The central theoretical contribution is a dynamic pseudo‑conservation law. Let PBj denote the blocking probability of the eager class when sub‑policy j is used in a τ‑static manner (i.e., irrespective of the tolerant state). The pseudo‑conservation law shows that, under the SFJ limit, the overall blocking probability of the eager class and the mean sojourn time of the tolerant class depend only on the collection {PBj}. In other words, the intricate state‑dependent dynamics collapse to a set of scalar blocking probabilities that can be computed from classic Erlang‑B type loss models for each sub‑policy. Consequently, once the PBj values are known, the performance of both classes follows directly, and the specific details of the tolerant scheduler (as long as it is work‑conserving and non‑anticipative) become irrelevant.

Having a closed‑form relationship, the authors then characterize the achievable performance region in the two‑dimensional space (eager blocking probability, tolerant mean sojourn time). They prove that this region is convex and identify its Pareto frontier, i.e., the set of points where one cannot improve one metric without worsening the other. Importantly, they exhibit a two‑parameter family of Pareto‑complete policies parameterized by (L, d): L ∈ ℕ is a threshold on the tolerant queue length, and d ∈ (0, 1) is a mixing probability applied when the tolerant occupancy equals L. The policy works as follows:

• If the tolerant queue length j < L, the eager class is admitted with the minimum possible blocking probability (the most permissive sub‑policy).
• If j > L, the eager class is admitted with the maximum blocking probability (the most restrictive sub‑policy, often rejecting all arrivals).
• If j = L, the eager class is admitted with probability d (a convex combination of the two extremes).

By varying L and d, any point on the Pareto frontier can be attained, establishing that the family is Pareto‑complete. This result demonstrates that dynamic policies dramatically enlarge the feasible performance set compared with static policies (where a single sub‑policy is used regardless of tolerant state); static policies correspond to a strict subset of the dynamic region.

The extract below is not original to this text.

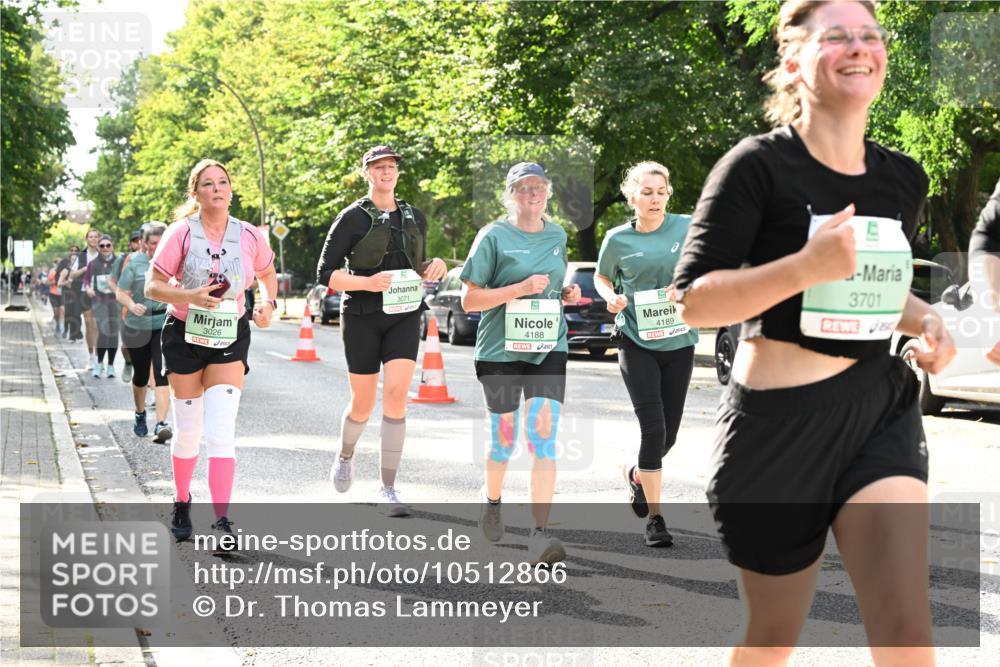 20.09.2026 - PSD Bank Halbmarathon Dr. Thomas Lammeyer http://msf.ph/oto/10512866 20.09.2026 11:08:09 Laufen 3026, 3071, 4188, 4189, 3701 meine-sportfotos.de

The paper validates the theoretical approximations through extensive Monte‑Carlo simulations. Even when the scaling parameter μγ is moderate (e.g., 10–100), the SFJ‑based predictions of both blocking probability and mean sojourn time deviate by less than 2 % from the simulated values. This empirical evidence confirms that the fluid limit provides accurate approximations for realistic system sizes, making the results practically useful.

In summary, the contributions are:

1. Introduction of the SFJ fluid limit that yields a clean time‑scale separation for heterogeneous loss/queue systems.
2. Derivation of a dynamic pseudo‑conservation law that reduces performance analysis to a set of standalone blocking probabilities.
3. Complete characterization of the achievable performance region and its Pareto frontier.
4. Identification of a simple two‑parameter Pareto‑complete scheduling family that spans the entire frontier.
5. Demonstration of high‑accuracy of the fluid approximations via simulation, supporting applicability to real‑world systems such as cellular networks handling voice (loss) and data (queue) traffic, or retail environments with express counters.

These insights provide both a theoretical framework for analyzing mixed loss‑queue systems and practical guidelines for designing dynamic admission and service allocation policies that can be tuned to meet desired quality‑of‑service trade‑offs.